Programmers and software developers lost the plot on naming their tools
Embarrassing or opaque names
- Many comments share examples of tools or packages whose names lead to porn, fetishes, or childish humor when searched, or that are awkward to say in professional settings.
- This is used both to support the article’s claim (“this is embarrassing and off‑putting”) and to shrug it off as long-running hacker culture.
Descriptive vs whimsical naming
- Some strongly agree with the article: names should convey function or domain (“http-request-validator” beats “zephyr”), especially for infrastructure, libraries, and internal tools.
- Others argue descriptive names are overrated: you rarely infer true behavior from a name anyway; meaningful understanding always requires reading docs or code.
- Several point out that historically praised names (awk, sed, grep, BASIC, Postgres, etc.) are not obvious to newcomers either, and mainly feel “good” because people already know them.
Renaming, scope creep, and identifiers
- One camp: don’t use purpose‑agnostic names to pre‑optimize for scope creep; instead, name by function and accept the rare cost of a rename when direction changes.
- Opposing camp: renaming anything widely shipped is extremely painful (packages, configs, docs, scripts, mental models), so pick a stable “ID-like” name from the start and let functionality evolve.
- Popular compromise: internal code names (often whimsical) during development, then a more descriptive or marketable name once something is user-facing.
Comparisons to other fields
- Multiple commenters challenge the article’s claim that other technical disciplines are more disciplined: they list playful or opaque names in biology, chemistry, physics, astronomy, medicine, the military, and engineering.
- Others counter that those fields also have parallel systematic naming schemes (IUPAC, drug generics, engine model codes, astronomical catalog numbers) that software often lacks.

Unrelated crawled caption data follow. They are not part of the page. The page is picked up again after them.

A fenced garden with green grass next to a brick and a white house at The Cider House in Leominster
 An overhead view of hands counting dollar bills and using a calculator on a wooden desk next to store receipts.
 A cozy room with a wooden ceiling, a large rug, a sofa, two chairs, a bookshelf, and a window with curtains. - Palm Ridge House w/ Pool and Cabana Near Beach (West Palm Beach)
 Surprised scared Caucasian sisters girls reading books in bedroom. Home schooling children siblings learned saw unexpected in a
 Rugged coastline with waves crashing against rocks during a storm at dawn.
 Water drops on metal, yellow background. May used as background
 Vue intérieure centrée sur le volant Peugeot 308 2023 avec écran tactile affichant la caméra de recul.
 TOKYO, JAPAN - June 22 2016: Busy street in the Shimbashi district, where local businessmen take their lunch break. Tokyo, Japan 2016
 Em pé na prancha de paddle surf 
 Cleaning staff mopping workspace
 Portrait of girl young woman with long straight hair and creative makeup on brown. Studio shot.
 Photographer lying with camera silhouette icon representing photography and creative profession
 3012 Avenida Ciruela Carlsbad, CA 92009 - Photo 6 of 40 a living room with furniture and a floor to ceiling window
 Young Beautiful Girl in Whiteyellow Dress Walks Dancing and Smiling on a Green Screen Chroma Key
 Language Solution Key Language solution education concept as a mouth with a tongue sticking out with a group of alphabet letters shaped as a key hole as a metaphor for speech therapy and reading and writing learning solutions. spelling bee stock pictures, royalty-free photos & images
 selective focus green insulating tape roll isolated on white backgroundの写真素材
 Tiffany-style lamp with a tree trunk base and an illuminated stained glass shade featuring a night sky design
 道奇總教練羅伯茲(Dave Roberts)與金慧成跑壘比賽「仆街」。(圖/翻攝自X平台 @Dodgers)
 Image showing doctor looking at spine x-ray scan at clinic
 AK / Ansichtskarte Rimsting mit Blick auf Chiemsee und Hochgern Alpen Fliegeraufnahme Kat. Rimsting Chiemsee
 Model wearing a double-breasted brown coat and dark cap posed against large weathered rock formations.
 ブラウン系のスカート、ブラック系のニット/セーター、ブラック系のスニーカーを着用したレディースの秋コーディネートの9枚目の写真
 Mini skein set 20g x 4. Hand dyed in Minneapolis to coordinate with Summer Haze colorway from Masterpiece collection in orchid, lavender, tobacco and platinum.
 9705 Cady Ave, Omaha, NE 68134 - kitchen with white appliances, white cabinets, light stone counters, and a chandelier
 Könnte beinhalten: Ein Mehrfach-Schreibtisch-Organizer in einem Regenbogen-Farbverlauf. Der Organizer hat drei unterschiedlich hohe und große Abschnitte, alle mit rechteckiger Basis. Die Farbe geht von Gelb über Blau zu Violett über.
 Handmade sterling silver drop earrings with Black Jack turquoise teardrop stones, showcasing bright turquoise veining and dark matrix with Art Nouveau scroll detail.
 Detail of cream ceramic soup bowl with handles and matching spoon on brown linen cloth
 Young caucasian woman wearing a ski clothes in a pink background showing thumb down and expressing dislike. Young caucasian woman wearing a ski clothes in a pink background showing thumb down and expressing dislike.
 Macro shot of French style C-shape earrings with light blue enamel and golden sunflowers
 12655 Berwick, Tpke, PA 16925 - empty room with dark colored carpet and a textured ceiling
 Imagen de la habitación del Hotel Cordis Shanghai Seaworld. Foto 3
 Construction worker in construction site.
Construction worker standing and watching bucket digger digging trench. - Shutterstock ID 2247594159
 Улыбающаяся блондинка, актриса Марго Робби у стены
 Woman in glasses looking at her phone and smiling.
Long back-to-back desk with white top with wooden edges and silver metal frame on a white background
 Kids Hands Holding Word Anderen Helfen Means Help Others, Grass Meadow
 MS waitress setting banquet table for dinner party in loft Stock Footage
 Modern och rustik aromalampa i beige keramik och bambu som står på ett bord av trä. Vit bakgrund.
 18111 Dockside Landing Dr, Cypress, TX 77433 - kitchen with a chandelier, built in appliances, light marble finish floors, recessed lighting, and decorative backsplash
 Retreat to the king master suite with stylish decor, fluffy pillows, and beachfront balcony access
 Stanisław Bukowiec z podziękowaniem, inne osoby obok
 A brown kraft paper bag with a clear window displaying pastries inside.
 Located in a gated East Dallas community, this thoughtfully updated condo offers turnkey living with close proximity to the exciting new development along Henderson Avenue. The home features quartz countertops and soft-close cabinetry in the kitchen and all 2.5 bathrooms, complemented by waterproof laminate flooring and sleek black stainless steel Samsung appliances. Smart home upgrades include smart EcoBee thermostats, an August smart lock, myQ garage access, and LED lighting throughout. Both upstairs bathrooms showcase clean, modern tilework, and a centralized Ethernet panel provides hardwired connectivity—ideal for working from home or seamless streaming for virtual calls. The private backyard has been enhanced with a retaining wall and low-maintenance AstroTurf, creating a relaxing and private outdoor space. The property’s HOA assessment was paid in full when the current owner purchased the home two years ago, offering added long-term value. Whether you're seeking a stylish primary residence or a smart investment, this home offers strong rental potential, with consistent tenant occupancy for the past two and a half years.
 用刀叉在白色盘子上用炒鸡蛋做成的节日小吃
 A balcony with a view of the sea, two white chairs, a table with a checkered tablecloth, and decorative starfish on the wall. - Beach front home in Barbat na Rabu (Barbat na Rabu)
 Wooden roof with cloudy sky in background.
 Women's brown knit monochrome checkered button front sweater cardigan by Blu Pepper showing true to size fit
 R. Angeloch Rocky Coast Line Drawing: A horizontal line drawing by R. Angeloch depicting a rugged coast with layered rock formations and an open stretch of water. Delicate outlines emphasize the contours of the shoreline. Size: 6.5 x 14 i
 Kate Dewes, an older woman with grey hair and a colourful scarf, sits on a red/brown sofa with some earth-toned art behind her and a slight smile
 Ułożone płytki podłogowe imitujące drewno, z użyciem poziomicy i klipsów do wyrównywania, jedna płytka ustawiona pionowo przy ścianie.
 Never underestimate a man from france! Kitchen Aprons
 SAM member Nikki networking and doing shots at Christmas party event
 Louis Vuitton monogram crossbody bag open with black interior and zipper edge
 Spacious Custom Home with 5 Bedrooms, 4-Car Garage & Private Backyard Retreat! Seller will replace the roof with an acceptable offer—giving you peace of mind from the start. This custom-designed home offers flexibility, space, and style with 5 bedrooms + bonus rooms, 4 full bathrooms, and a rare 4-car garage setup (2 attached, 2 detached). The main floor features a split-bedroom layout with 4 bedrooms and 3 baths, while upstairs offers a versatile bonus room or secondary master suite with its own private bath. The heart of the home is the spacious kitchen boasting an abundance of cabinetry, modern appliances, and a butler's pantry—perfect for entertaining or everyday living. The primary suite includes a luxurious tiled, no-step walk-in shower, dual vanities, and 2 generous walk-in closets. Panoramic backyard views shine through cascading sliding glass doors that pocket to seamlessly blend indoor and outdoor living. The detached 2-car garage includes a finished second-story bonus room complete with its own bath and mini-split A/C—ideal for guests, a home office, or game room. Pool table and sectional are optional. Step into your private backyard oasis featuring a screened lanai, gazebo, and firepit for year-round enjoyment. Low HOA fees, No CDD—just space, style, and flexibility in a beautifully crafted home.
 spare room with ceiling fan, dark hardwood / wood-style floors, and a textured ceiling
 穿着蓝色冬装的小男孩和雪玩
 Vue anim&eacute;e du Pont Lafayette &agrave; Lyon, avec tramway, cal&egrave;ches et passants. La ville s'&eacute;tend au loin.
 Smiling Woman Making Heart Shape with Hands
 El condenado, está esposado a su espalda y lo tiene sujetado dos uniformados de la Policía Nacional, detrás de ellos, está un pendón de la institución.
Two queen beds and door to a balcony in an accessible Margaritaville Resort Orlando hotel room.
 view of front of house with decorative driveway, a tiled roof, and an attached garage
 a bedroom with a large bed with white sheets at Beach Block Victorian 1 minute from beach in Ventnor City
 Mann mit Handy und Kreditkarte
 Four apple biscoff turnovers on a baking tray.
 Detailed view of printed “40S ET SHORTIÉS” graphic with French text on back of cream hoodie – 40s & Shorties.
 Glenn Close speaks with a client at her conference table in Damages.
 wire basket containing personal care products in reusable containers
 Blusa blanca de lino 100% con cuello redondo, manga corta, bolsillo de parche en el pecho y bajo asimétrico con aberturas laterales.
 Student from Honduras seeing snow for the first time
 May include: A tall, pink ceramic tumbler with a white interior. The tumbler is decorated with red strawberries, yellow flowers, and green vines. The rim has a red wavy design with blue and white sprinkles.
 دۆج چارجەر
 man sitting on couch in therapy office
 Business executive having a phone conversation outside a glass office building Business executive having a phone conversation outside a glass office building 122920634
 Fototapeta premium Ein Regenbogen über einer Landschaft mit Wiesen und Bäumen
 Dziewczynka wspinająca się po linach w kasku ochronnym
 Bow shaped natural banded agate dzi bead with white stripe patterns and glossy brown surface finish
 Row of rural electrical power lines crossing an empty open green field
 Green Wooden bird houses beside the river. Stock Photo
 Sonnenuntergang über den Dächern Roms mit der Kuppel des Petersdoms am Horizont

Searchability, acronyms, and collisions
- Whimsical, unique names can be excellent for search; generic names like “auth-service” or “http-client” are hard to Google and ambiguous in conversation.
- Conversely, overloaded common words (e.g., “combine”, “windows”, “nat”, “webhooks”) or generic library names can create confusion and name collisions across ecosystems.
- Heavy use of acronyms and initialisms in “serious” naming is cited as another source of cognitive load; people often end up memorizing arbitrary letter salads instead of clear concepts.
Culture, professionalism, and fun
- Some see silly names as unprofessional or as adding “cognitive tax”.
- Others defend whimsy as part of engineering culture, argue that many serious sciences do the same, and say that joy, memorability, and branding are legitimate goals alongside clarity.